Ce mot est presque vide de sens dans nos institutions ecclésiastiques, ou plutôt dans le caractère que le temps leur a donné. La discipline est à l’ordre ecclésiastique ce que la police est à l’ordre civil ; mais le citoyen, bon gré mal gré, est assujetti à la loi : il n’en est pas ainsi du membre de l’Eglise ; et quand la loi de l’Eglise n’a plus la sanction de l’opinion, on peut dire qu’elle n’est plus loi. L’exécution des peines disciplinaires n’a plus ni garantie civile, ni conséquences extérieures ; ainsi la sanction du dehors ne supplée pas à celle du dedans : en un mot, la discipline manque d’un point d’appui. Il ne reste plus que ce que le pasteur s’attribue individuellement et ce qu’on accepte individuellement. Et il faut bien convenir que le peu qui reste, à travers un affranchissement extérieur si complet, est meilleur à proportion du peu.
On ne peut se dispenser de rendre les ministres attentifs à un écueil que tel d’entre eux ne soupçonne pas même. Les remontrances ou répréhensions, qui sont une partie de la discipline pastorale, s’exercent beaucoup plus aisément sur les pauvres et les chétifs que sur les riches et les grands. On est tenté de peser très fort sur les uns pour n’appuyer que légèrement sur les autres. Cela ne fait pas compensation. Et le pasteur n’est digne de sa mission que lorsqu’il fait valoir son autorité envers toutes les âmes indistinctement, qui ne sont pour lui que des âmes. D’où il ne faut pourtant pas conclure qu’aucune distinction, dans la manière et dans la forme, ne doive être observée. Les mêmes moyens ont une différente valeur selon la personne à laquelle on les applique ; et l’on pourrait, dans l’intention de respecter l’égalité, traiter les âmes fort inégalement.
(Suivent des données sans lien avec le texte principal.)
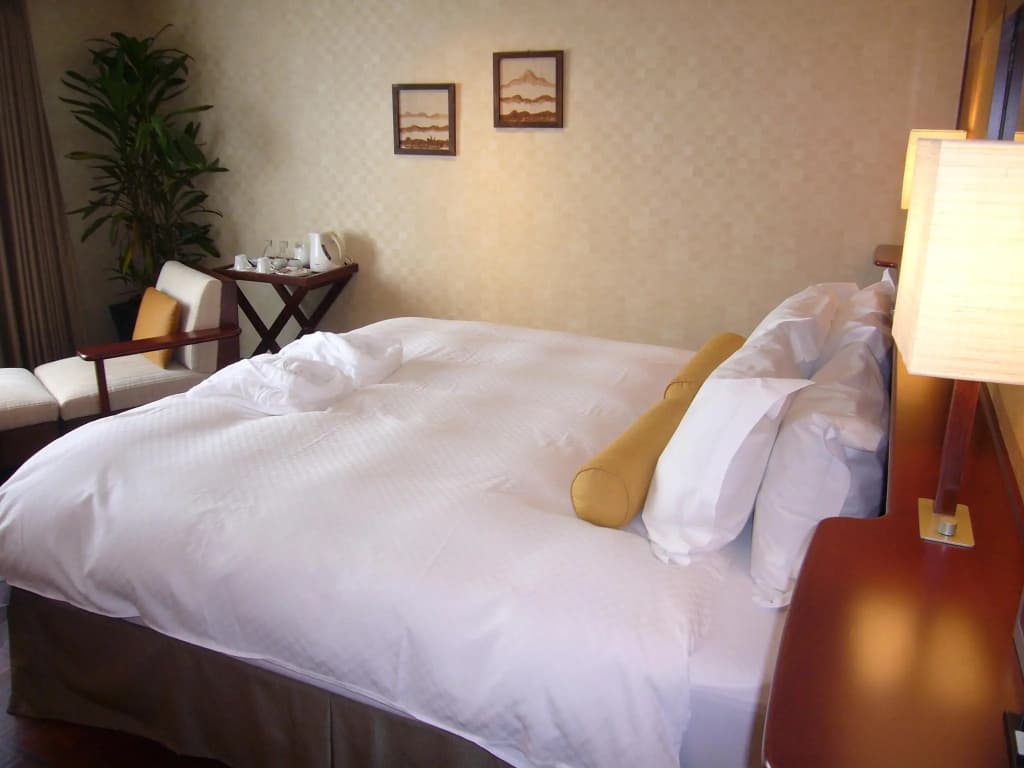 Executive Double room full double bed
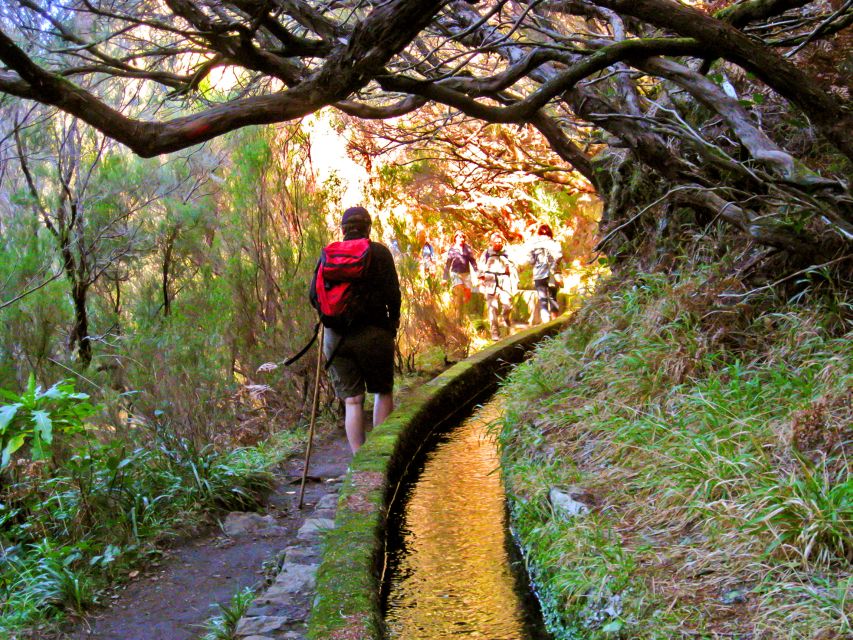 Madeira: Enjoy a Guided Levada Walk in the Rabaçal Valley - What the guides add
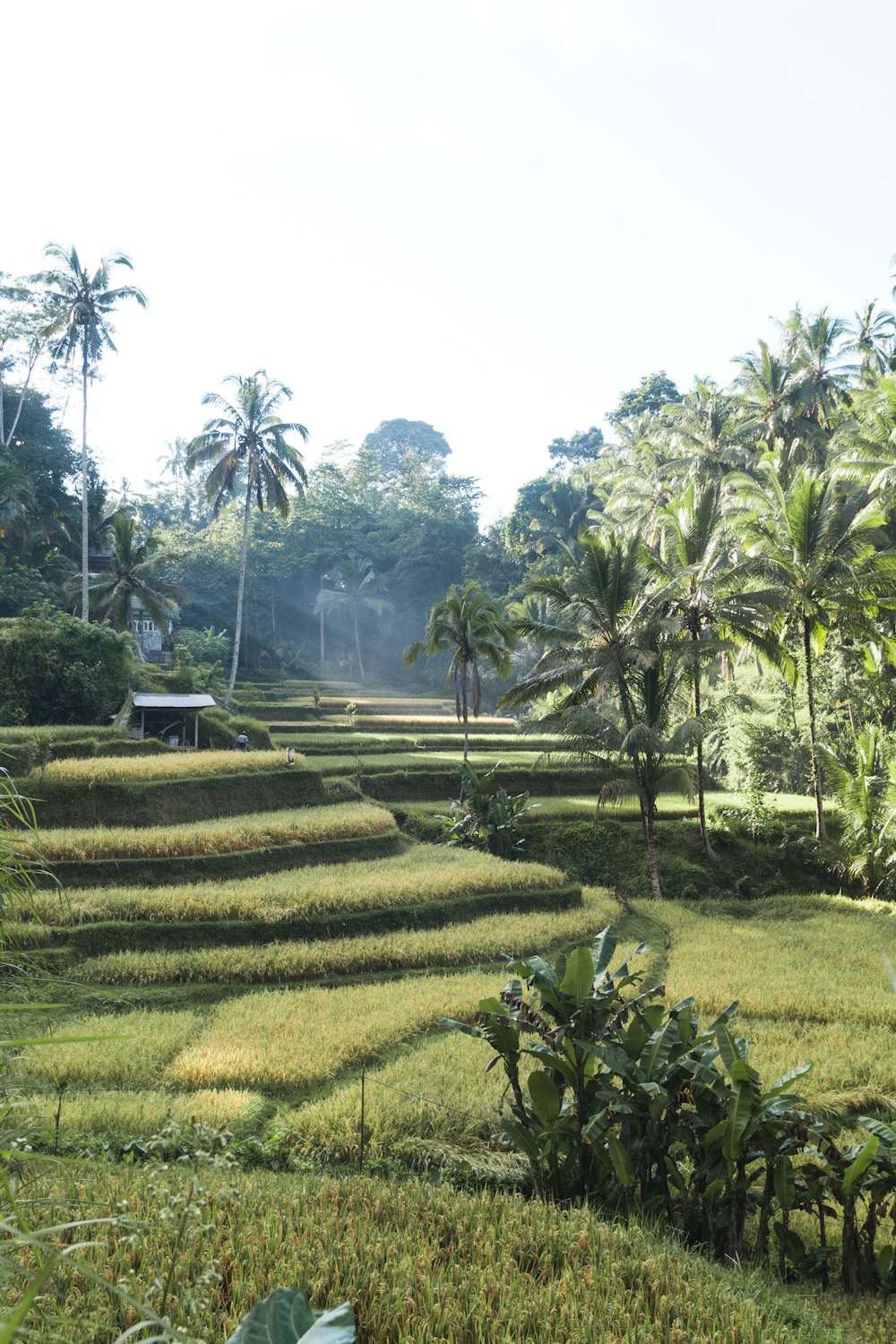 green grass field near coconut trees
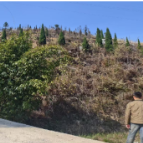 城中街道榆市村开展清明森林防火专项巡查工作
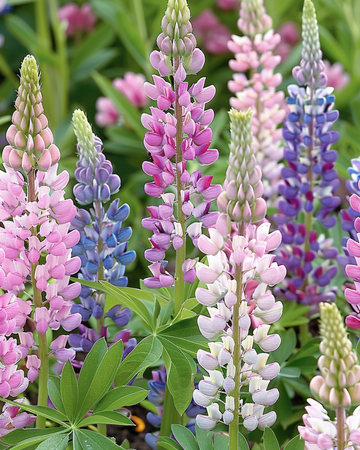 Lupin Russell's Hybrids frön (Lupinus polyphyllus) – flerårig blandning
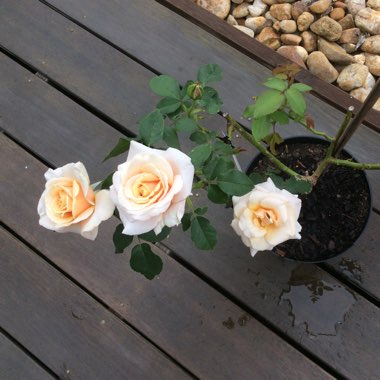 Razor's garden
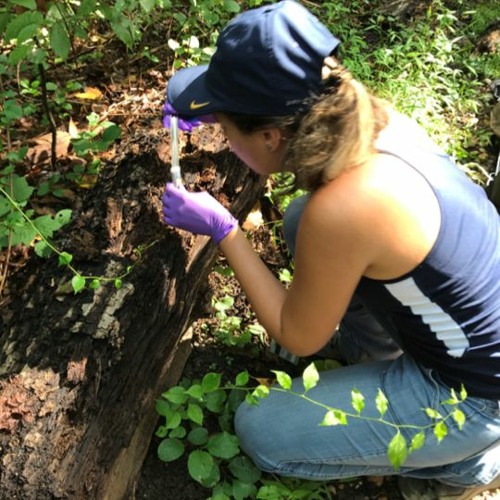 How Rita de Cassia Pessotti used iNaturalist to find beetle galleries in the wild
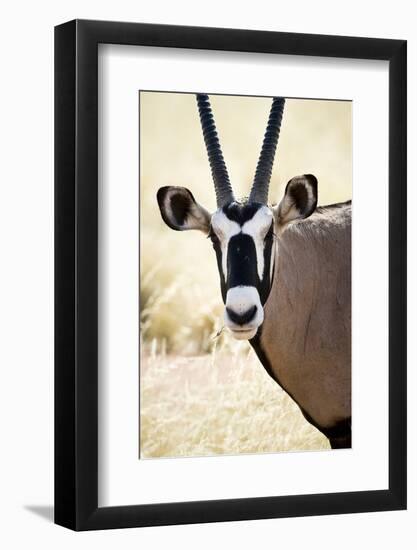 Namib and Nature Reserve, Namibia. a Close-up of a Gemsbok (Oryx)-Janet Muir-Framed Photographic Print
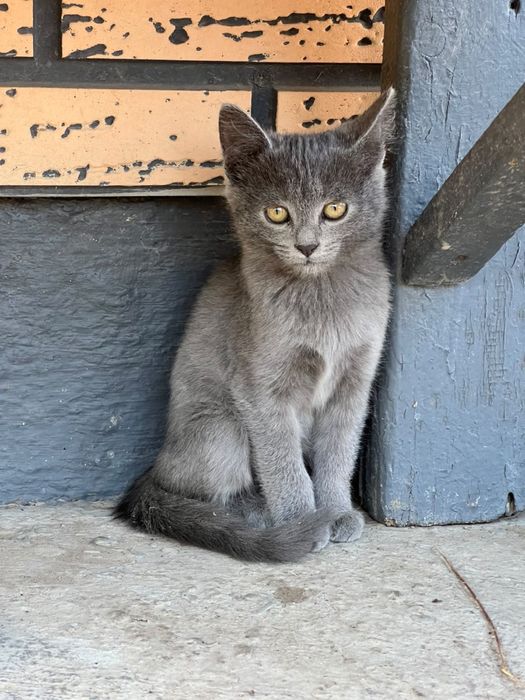 Отдам котят в добрые руки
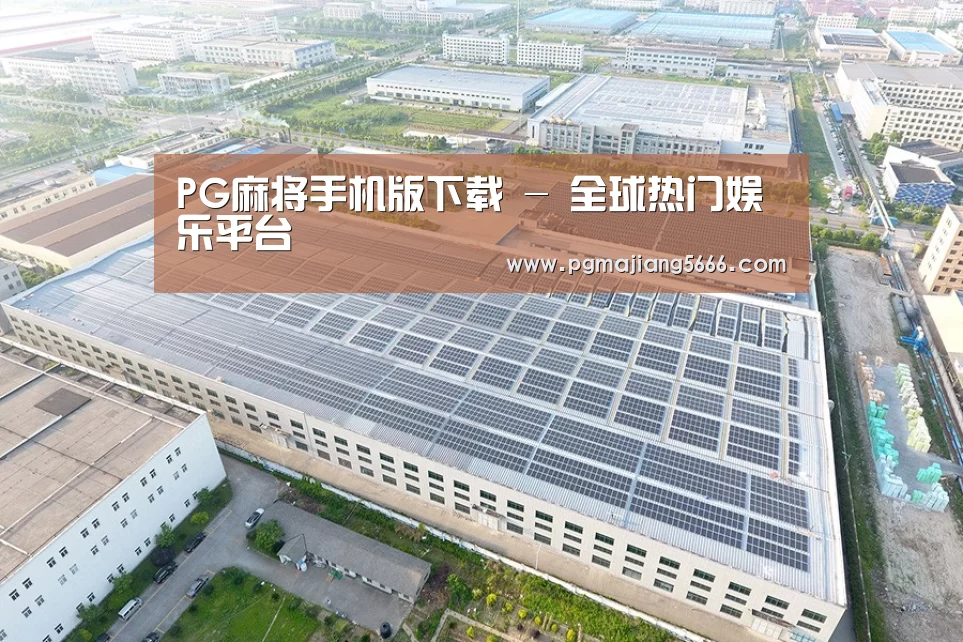 案例展示四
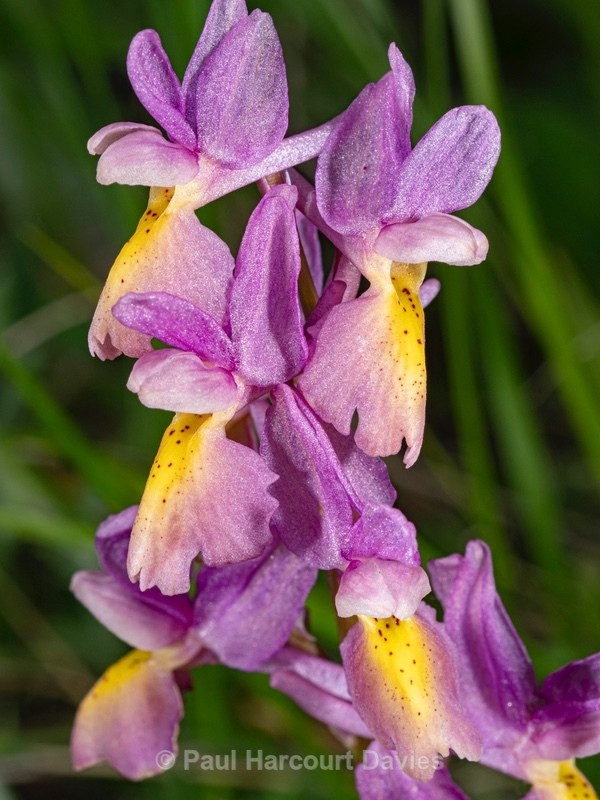 Hybrid Orchis - Orchis x colemanii ( Orchis mascula x O. pauciflora) This is a natural hybrid between  Early purple orchid (O. mascula) and few flowered orchid (O. pauciflora).  - Wild Orchids 2021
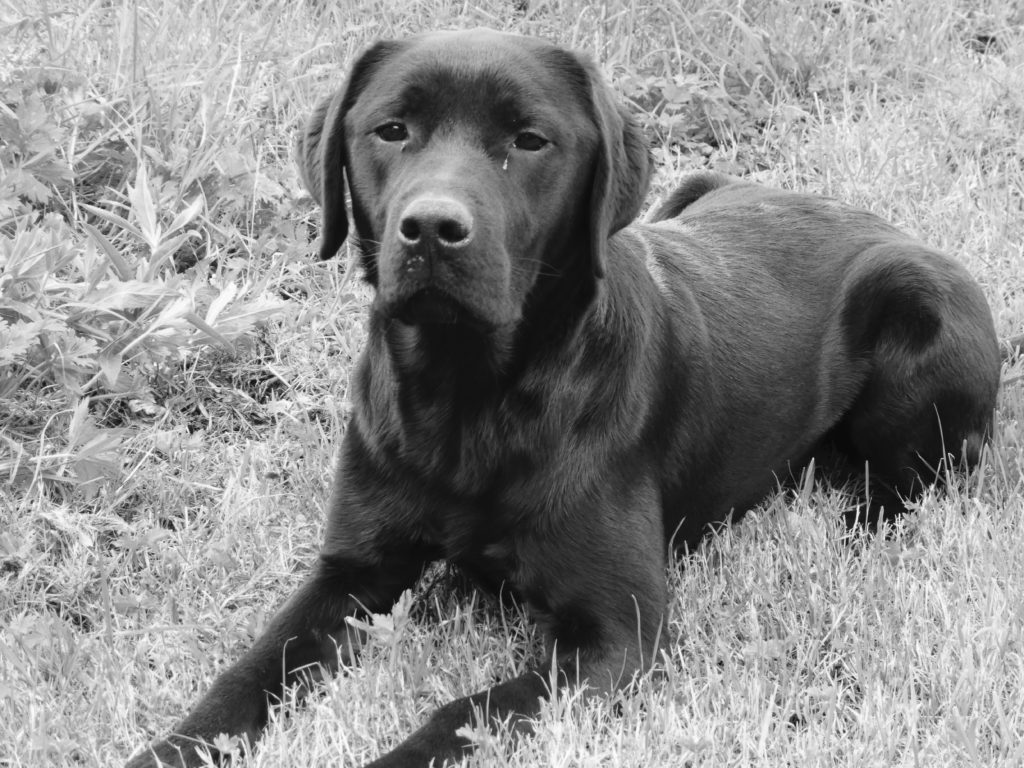 Residential dog training Labrador retriever 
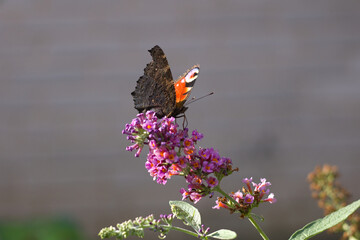 Butterfly  perched on Purple, pink flower at spring on a meadow, blooming flowers background with...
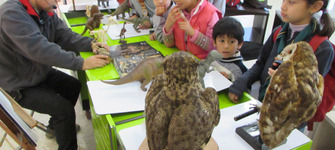 imagen imagen_portada.jpg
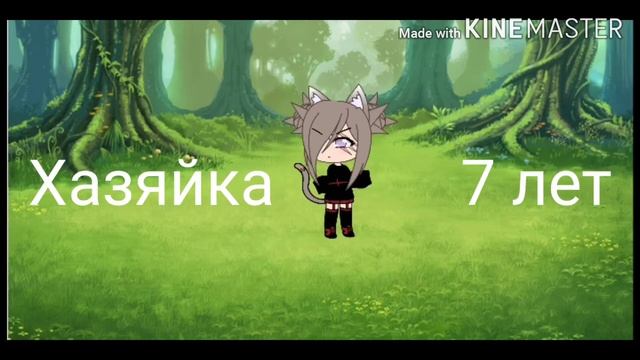 Как менялась ос маего канала от 1 года до 17 лет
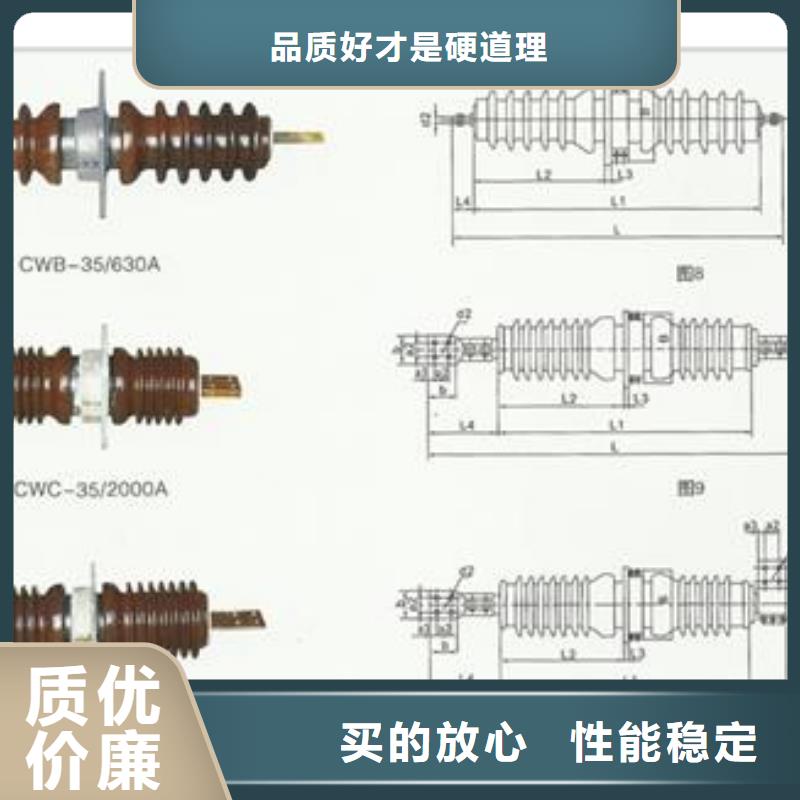 FCGW-40.5/3150A高压套管多年行业积累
L’excommunication proprement dite ne saurait avoir lieu dans une Eglise qui est expressément l’Eglise de tout le monde. Les communiants n’ont de juges qu’eux-mêmes. C’est à eux de prendre garde de manger et de boire leur condamnation à la table de Jésus-Christ. Là où l’Eglise appartient au peuple politique, et où le consentement général a cessé d’appuyer les rigueurs de la discipline, on ne peut pas songer à l’exercer, à moins de rétablir les conditions de son existence, ce qui ne peut se faire que sur un autre terrain. Le devoir du pasteur n’en est pas moins d’écarter de la cène, par des représentations faites en particulier, les individus qu’il juge ne pouvoir sans danger participer, à ce repas sacré, et de les avertir collectivement du haut de la chaire. La même règle, et nulle autre, s’applique aux officiants.